**WORK REQUEST**
Take the lines below from the one with "Beige Schnitthose aus" through the one with "The Haute Home" and print only them, exactly. Don't print the pictures.

**DATASET RECORDS**
* * * * * * *
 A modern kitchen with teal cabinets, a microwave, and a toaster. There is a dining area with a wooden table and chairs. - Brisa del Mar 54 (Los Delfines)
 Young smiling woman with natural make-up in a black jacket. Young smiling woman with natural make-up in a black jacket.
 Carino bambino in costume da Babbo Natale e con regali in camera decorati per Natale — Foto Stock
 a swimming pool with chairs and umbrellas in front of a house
* * * * * * *
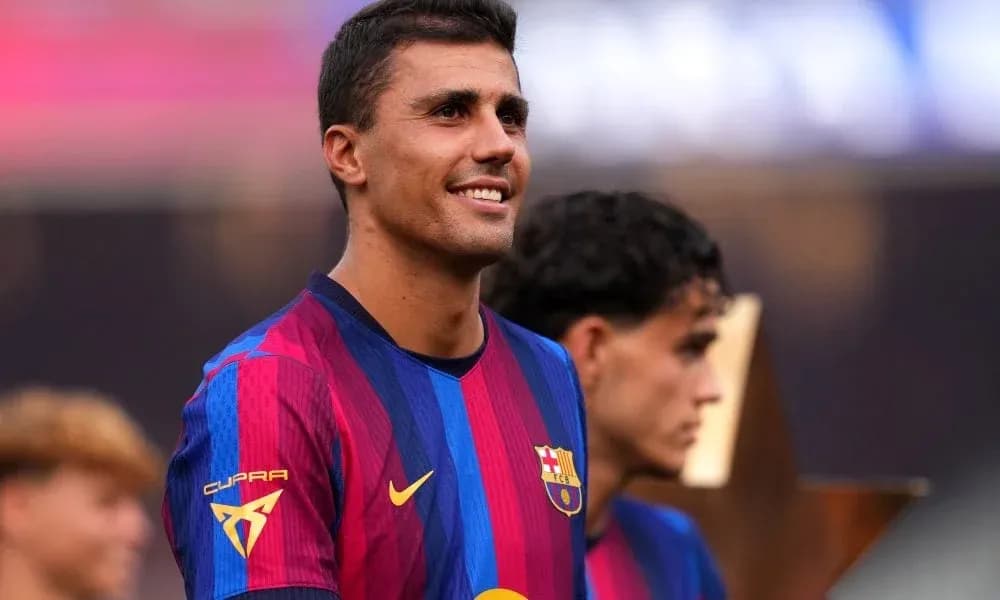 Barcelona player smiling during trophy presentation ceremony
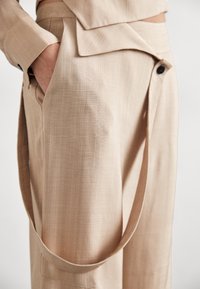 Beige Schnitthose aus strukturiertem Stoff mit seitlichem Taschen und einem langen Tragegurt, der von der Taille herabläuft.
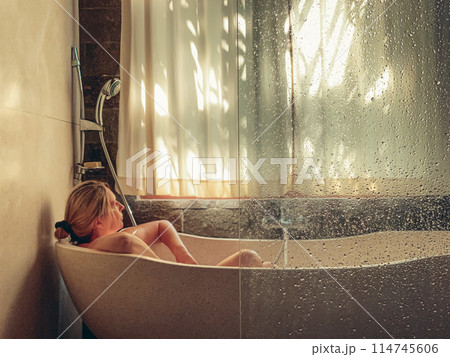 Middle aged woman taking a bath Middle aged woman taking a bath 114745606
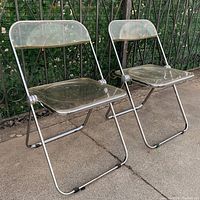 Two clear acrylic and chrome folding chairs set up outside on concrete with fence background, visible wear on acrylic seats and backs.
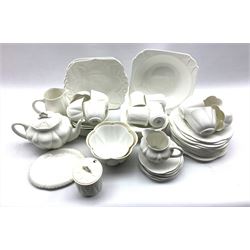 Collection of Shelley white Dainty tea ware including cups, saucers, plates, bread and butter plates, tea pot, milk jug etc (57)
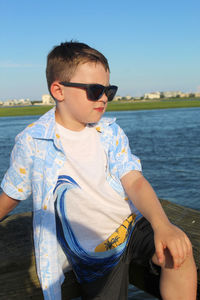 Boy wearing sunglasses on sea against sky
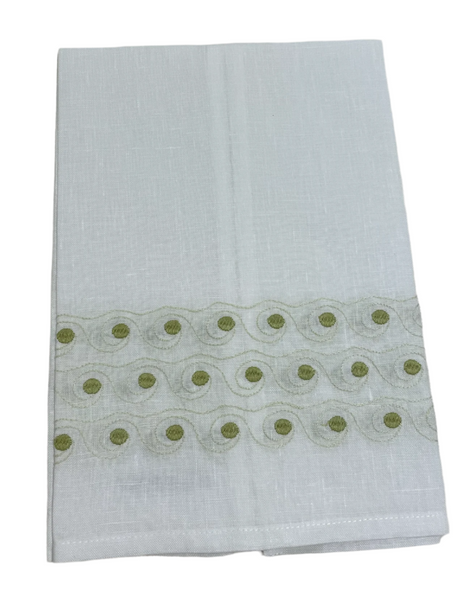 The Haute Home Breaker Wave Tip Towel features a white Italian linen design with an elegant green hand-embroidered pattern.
* * * * * * *
**OUTPUT OF THE EXERCISE**
 Beige Schnitthose aus strukturiertem Stoff mit seitlichem Taschen und einem langen Tragegurt, der von der Taille herabläuft.
 Middle aged woman taking a bath Middle aged woman taking a bath 114745606
 Two clear acrylic and chrome folding chairs set up outside on concrete with fence background, visible wear on acrylic seats and backs.
 Collection of Shelley white Dainty tea ware including cups, saucers, plates, bread and butter plates, tea pot, milk jug etc (57)
 Boy wearing sunglasses on sea against sky
 The Haute Home Breaker Wave Tip Towel features a white Italian linen design with an elegant green hand-embroidered pattern.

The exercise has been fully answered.